Ain't no colour paint gonna cover the stains/but now the alcohol is gonna mother the pain/Tuck it away, no complaints just laying on his back on his backyard under the rain/Take tomorrow but doesn't no how though for every swallow there's another to follow/He weaves his way throughout the story looking for a new missing piece or a door key/ Spirits used to be for celebration/But now they just take him away from the hell that's waiting/Re-up until it's three sheets up and pick a place for the skeletons to meet up.
Ant a fait des merveilles comme souvent, ceux qui ont suivi les dernières aventures de Brother Ali sur son album The Undisputed Truth savent à quoi s'en tenir : un mélange judicieux des genres avec cette touche avant-gardiste si particulière. Ant dévoile dans le travail réalisé un étonnant minimalisme laissant de côté les éléments sonores du résultat final. Paradoxalement, cette approche paye, car elle alimente une œuvre déjà fortement ancrée dans une ambiance lourde et affirmée. Directement ce parti pris nous éclate en pleine figure dès l'ouverture tout en douceur « Like The Rest Of Us ». Un beat, une boucle de piano… Et c'est tout ! Ah, peut-être un ajout de guitare électrique en fond, mais il ne faut pas surcharger l'ensemble au risque de froisser l'ambiance. On retrouve cet art de la suffisance sur le massif « Puppets » illustré par des chœurs communicatifs, « Yesterday » et les mises en avant exclusives de la guitare sur « Me » et « Guarantees ». Un conservatisme artistique assumé qui sublime indirectement les textes portés sur la méditation. « Skinny » joue à contre sens en mettant en avant ses basses prédominantes dopées à l'amphétamine, de manière identique le lancinant « Shoulda Known » et sa rythmique millimétrée nous laisse entrevoir que la gestion des domaines « expérimentaux » n'est pas un défi pour le producteur. On pourrait aussi parler de « Your Glass House » et sa nappe électronique grasse qui descend aussi bas que les basses fréquences ou encore « Wild Wild Horses », la production la plus saturée de l'album qui met en exergue des saxophones syncopés.

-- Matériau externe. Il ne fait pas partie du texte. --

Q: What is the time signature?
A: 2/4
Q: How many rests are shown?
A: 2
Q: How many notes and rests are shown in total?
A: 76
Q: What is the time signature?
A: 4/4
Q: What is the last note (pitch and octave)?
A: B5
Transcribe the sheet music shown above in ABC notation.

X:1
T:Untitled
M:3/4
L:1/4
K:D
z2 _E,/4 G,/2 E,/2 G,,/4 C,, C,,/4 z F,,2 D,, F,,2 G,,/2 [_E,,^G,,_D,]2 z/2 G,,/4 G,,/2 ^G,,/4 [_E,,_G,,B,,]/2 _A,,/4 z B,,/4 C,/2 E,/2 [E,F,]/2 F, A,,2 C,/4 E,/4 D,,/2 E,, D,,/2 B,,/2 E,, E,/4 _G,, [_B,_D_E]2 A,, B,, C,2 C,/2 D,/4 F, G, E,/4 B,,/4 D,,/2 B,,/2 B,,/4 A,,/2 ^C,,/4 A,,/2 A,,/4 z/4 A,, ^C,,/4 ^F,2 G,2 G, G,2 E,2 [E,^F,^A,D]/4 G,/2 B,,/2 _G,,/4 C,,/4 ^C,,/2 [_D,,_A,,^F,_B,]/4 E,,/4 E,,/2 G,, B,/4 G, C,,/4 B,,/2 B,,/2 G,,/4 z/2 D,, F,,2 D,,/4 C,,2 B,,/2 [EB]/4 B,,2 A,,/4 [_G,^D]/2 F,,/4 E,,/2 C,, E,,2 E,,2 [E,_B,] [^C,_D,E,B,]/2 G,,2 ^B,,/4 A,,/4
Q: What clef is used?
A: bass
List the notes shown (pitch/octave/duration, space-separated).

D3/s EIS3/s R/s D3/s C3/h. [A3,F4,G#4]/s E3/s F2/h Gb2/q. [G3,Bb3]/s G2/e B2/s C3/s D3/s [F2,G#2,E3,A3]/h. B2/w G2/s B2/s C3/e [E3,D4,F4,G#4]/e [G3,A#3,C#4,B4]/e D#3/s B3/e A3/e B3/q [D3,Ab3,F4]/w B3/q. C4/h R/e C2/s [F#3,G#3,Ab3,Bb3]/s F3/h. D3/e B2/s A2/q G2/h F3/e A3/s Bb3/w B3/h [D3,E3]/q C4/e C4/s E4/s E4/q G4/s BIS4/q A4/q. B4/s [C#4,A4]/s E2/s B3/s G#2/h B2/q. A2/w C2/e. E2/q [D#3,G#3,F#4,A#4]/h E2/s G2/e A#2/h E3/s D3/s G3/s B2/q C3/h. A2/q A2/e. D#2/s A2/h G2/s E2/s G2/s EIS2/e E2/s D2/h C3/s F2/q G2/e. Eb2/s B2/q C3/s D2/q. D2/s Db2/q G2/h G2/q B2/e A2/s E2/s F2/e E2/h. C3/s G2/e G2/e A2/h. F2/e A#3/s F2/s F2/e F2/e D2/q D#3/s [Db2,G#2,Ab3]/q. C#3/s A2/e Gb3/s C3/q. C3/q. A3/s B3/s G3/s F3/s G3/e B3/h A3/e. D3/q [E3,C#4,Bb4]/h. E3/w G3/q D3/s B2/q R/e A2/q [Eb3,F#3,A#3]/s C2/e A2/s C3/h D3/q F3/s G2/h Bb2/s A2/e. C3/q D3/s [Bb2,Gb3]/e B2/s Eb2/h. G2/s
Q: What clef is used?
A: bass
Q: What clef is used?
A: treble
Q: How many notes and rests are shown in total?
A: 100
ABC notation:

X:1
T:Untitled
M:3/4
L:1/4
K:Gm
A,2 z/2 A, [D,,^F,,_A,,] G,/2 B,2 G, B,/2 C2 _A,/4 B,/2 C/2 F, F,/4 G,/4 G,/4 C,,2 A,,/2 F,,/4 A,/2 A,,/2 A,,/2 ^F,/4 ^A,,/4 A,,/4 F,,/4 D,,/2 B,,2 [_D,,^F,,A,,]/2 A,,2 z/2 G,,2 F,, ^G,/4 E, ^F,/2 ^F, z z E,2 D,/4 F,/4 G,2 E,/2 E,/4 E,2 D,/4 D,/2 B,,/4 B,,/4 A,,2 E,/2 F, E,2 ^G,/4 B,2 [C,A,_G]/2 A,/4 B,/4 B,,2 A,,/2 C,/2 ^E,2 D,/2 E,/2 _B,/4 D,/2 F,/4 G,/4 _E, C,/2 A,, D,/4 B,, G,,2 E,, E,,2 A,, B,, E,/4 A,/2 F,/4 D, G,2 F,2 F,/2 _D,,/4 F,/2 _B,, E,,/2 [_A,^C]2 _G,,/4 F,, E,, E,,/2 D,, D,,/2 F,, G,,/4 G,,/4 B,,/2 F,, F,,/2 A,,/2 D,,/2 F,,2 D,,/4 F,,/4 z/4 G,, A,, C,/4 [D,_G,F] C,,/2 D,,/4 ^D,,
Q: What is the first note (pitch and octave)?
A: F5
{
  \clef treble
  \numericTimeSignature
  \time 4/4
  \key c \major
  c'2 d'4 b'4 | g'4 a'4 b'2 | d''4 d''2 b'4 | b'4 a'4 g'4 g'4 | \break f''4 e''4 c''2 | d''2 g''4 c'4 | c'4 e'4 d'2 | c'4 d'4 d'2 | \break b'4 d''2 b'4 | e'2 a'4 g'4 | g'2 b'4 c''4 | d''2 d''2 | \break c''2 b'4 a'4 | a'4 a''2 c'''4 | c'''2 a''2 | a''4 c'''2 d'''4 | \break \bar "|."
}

Beaucoup moins autobiographique que les précédents opus, When Life Gives You Lemons, You Paint That Shit Gold est une réussite incontestable par les talents conjugués de nos deux compères, mais aussi grâce à une approche si particulière des choses que le retour à cet album en devient addictif. Des textes sensés, un charisme certain de Slug, une vision toujours aussi enrichissante… Il n'en faut pas plus pour confirmer qu'Atmosphere est bel et bien un groupe qui ne cesse de gagner en puissance sur la scène underground depuis 10 ans maintenant.
N.B. : il existe une version Deluxe qui contient un livre d'une quarantaine de pages où sont illustrées des histoires d'enfants écrites par Slug lui-même et un DVD Making Off.